→ **Required work**
Reproduce the opening lines of the records exactly, please, stopping after the line that contains "ktm - 1290-super-duke-gt".
[Data section Boundary: Start]
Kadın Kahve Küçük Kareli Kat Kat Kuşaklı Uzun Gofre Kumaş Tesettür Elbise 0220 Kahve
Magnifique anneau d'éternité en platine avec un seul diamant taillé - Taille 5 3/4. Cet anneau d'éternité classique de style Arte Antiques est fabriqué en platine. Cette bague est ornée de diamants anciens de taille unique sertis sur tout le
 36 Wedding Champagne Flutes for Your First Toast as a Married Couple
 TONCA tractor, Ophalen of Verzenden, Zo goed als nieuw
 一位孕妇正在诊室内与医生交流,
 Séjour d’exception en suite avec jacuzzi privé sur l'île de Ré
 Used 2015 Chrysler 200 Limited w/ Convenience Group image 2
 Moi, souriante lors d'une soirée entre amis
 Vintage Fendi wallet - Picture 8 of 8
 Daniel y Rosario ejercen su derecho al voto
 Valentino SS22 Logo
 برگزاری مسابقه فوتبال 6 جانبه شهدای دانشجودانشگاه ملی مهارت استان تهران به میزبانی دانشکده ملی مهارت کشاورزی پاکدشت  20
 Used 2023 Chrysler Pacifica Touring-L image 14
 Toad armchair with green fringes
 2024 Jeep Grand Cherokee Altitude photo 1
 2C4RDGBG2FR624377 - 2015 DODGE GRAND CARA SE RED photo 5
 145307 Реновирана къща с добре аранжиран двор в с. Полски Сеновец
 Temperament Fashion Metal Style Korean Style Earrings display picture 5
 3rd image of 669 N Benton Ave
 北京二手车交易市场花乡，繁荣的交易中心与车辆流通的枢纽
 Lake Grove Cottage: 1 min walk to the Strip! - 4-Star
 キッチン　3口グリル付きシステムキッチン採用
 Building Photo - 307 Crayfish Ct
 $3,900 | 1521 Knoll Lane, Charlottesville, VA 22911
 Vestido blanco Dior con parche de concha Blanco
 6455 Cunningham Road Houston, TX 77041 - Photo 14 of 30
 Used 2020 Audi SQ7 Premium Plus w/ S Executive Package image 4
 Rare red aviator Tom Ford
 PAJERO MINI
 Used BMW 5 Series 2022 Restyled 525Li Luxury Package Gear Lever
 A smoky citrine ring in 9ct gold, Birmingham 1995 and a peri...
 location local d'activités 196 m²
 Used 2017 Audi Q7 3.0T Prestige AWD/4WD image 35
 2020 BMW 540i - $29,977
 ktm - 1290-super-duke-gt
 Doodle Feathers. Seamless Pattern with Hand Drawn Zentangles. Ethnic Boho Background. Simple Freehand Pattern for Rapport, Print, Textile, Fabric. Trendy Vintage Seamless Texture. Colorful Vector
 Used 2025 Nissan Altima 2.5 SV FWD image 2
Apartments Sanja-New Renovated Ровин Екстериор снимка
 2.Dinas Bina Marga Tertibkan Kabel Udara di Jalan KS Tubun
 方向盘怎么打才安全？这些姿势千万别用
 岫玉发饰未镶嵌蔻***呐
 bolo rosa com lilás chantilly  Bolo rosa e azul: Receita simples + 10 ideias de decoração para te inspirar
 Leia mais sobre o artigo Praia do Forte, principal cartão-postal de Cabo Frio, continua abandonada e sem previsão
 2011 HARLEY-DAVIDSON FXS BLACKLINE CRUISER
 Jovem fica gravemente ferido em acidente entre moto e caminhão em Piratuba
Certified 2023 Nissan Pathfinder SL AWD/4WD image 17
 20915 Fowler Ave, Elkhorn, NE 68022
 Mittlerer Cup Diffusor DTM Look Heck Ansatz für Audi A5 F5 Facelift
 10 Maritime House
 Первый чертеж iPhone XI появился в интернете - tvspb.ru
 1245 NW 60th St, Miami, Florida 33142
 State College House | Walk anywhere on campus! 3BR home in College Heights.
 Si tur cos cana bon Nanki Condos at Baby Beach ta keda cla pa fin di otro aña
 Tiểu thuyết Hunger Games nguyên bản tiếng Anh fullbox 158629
[Data section Boundary: End]
→ **Result for this exercise**
Kadın Kahve Küçük Kareli Kat Kat Kuşaklı Uzun Gofre Kumaş Tesettür Elbise 0220 Kahve
Magnifique anneau d'éternité en platine avec un seul diamant taillé - Taille 5 3/4. Cet anneau d'éternité classique de style Arte Antiques est fabriqué en platine. Cette bague est ornée de diamants anciens de taille unique sertis sur tout le
 36 Wedding Champagne Flutes for Your First Toast as a Married Couple
 TONCA tractor, Ophalen of Verzenden, Zo goed als nieuw
 一位孕妇正在诊室内与医生交流,
 Séjour d’exception en suite avec jacuzzi privé sur l'île de Ré
 Used 2015 Chrysler 200 Limited w/ Convenience Group image 2
 Moi, souriante lors d'une soirée entre amis
 Vintage Fendi wallet - Picture 8 of 8
 Daniel y Rosario ejercen su derecho al voto
 Valentino SS22 Logo
 برگزاری مسابقه فوتبال 6 جانبه شهدای دانشجودانشگاه ملی مهارت استان تهران به میزبانی دانشکده ملی مهارت کشاورزی پاکدشت  20
 Used 2023 Chrysler Pacifica Touring-L image 14
 Toad armchair with green fringes
 2024 Jeep Grand Cherokee Altitude photo 1
 2C4RDGBG2FR624377 - 2015 DODGE GRAND CARA SE RED photo 5
 145307 Реновирана къща с добре аранжиран двор в с. Полски Сеновец
 Temperament Fashion Metal Style Korean Style Earrings display picture 5
 3rd image of 669 N Benton Ave
 北京二手车交易市场花乡，繁荣的交易中心与车辆流通的枢纽
 Lake Grove Cottage: 1 min walk to the Strip! - 4-Star
 キッチン　3口グリル付きシステムキッチン採用
 Building Photo - 307 Crayfish Ct
 $3,900 | 1521 Knoll Lane, Charlottesville, VA 22911
 Vestido blanco Dior con parche de concha Blanco
 6455 Cunningham Road Houston, TX 77041 - Photo 14 of 30
 Used 2020 Audi SQ7 Premium Plus w/ S Executive Package image 4
 Rare red aviator Tom Ford
 PAJERO MINI
 Used BMW 5 Series 2022 Restyled 525Li Luxury Package Gear Lever
 A smoky citrine ring in 9ct gold, Birmingham 1995 and a peri...
 location local d'activités 196 m²
 Used 2017 Audi Q7 3.0T Prestige AWD/4WD image 35
 2020 BMW 540i - $29,977
 ktm - 1290-super-duke-gt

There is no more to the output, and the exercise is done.